Perhaps the better term for characterizing homo sapiens would be hypersocial. Not only are we fantastically cooperative – which ants, bees, and naked mole-rats also are – but our ability to imagine ourselves into each other’s heads is amazing. Your brain is not only looking out for you, but it is also simultaneously running a sub-routine mimicking how the brains of people around you are looking out for themselves – including, mimicking the part of their brain that’s running an analogous sub-routine to mimic your brain. You see me – and you see me seeing you – and you see me seeing you seeing me.

And yes, we often make mistakes when we imagine how the world looks through another person’s eyes, and we do need to be humble about claims to know what someone else is going through – but the amazing fact is, we kinda do know what others are going through. We inevitably miss some of the details that may be quite important to the other person, but it’s actually astonishing that human brains can get the basic gist of what it’s like for other people in completely different circumstances.Sometimes someone else might know me even better than I know myself.

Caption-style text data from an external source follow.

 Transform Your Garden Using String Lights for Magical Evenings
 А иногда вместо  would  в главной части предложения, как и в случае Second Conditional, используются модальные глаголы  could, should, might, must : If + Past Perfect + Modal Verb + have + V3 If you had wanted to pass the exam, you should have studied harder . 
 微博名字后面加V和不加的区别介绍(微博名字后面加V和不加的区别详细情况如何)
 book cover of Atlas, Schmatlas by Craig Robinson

How did evolution produce brains that can read other brains so well? Our brains – like all vertebrate brains – are built to do three things: find food, avoid becoming food, and find a mate. That’s their purpose. Keep us alive long enough to reproduce – and maybe also stick around to help our offspring do likewise. Each species has its own unique set of abilities that dictate its strategy for reproducing itself and there are a gazillion different workable strategies – and, of course, a gazillion squared strategies that don’t work.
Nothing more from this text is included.